Maka perhatikanlah suasana kebatinan netizen pasca pendafataran para capres kemarin.
Nyaris tidak ada hingar bingar isu identitas agama yang dipertentangkan.
Semua capres bisa lega karena tidak dituduh PKI dan anti Islam.
Tapi bukan berarti kelompok radikalis diam² saja.
Di ranah Pilpres mereka sudah terkunci.
Masih mencari cara untuk membajaknya.
Maka mereka memainkan isu yang sangat brutal dalam kasus Palestina vs Israel.
Saking halusnya permainanya, nyaris tak ada orang yang menyadari strategi licik mereka?
Pahamkah Anda?
Rakyat Palestina, Duta Besar Palestina untuk Indonesia, pemerintah Indonesia, sudah dengan tegas menyatakan bahwa konflik Palestina vs Israel bukanlah perang agama.
Itu adalah konflik antara 2 bangsa yang berebut wilayah.
Kedua bangsa punya komposisi umat beragama yang hampir sama, dengan komposisi terbalik.
Di Palestina ada umat Islam, ada Kristen, ada Yahudi, dll.
Di Israel juga ada umat Islam (20%), ada Kristen, ada Yahudi, dll.
Tapi mengapa suara media sosial Kita dipenuhi dengan seruan perang agama?
Mengapa media sosial setiap saat dikumandangkan panggilan berperang ke Palestina untuk membela saudara seagama?
Padahal seluruh dunia sudah diberi tahu bahwa itu bukan perang diantara penganut agama?
Siapa yang menjajah kesadaran umat itu?
Siapa yang membunuh kesadaran anak bangsa Kita itu?
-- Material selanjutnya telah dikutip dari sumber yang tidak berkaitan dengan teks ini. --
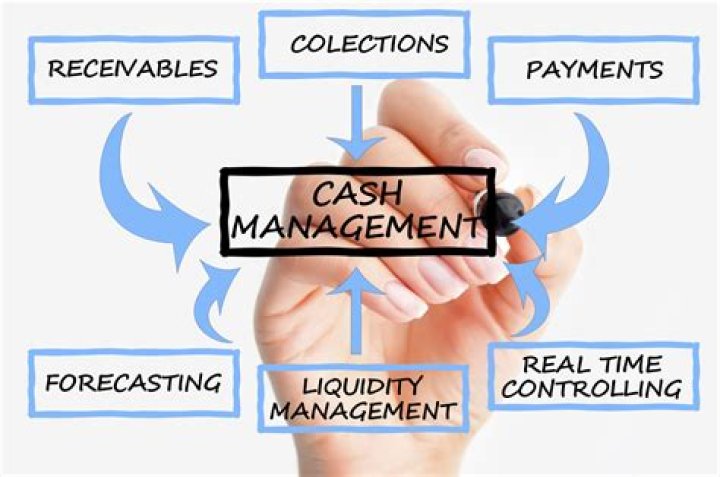 Master Cash Management: Essential PDF Articles & Guides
Siapa yang membolak-balik cara berpikir rakyat RI itu, yang membuat sesama anak bangsa terjebak dalam kebencian akibat konflik di negara asing?
Bukankah ini mirip dengan yang terjadi pada pilpres dan pilkada DKI dulu?
Kalau Anda pikir itu terjadi secara spontaniah saja, maka Anda adalah orang yang akan mudah diperalat oleh kekuatan² yang ingin menguasai Indonesia.
Apa sebenarnya yang dilakukan kaum radikalis yang disetir oligarkhi internasional itu?
Sederhana saja.
Mereka akan menggiring rakyat Indonesia untuk saling membenci terlebih dahulu, dengan membenturkan isi identitas agama.
Agar tercipta persepsi bersama, siapa kelompok kawan dan siapa kelompok lawan.
Kalau kebencian itu sudah cukup kuat, maka dengan sendirinya rakyat akan mengelompok sesuai agama mereka masing².
Kelompok identitas yang sama akan dianggap sebagai kawan dan pelindung, sementara kelompok identitas lain akan dianggap sebagai ancaman yang harus dilawan.
Dan setelah itu tinggal menggiring mereka untuk saling menyerang dan saling mengalahkan.
Sebab secara naluriah manusia memang akan selalu berusaha menghilangkan setiap ancaman.
Semakin merasa terancam maka akan semakin kuat keinginannya untuk melawan dan menghilangkan ancaman.
Dulu Kita pernah dijajah oleh bangsa yang rakyatnya jauh lebih sedikit dari rakyat Kita.
Mengapa?
Apakah karena Kita tubuhnya lemah?
Tidak.
Tapi karena Kita bodoh dan mudah diadu domba selama 350 tahun kita diperdaya.
Kita dibuat sibuk bertengkar dengan sesama anak bangsa, sementara itu para penjajah sibuk menguras kekayaan alam kita.
Hanya setelah Kita sadar akan pentingnya menjaga akal sehat dan semangat persatuan bangsa, orang² asing itu bisa kita usir dengan relatif tidak terlalu sulit.
Apakah Kita sudah makin cerdas hari ini?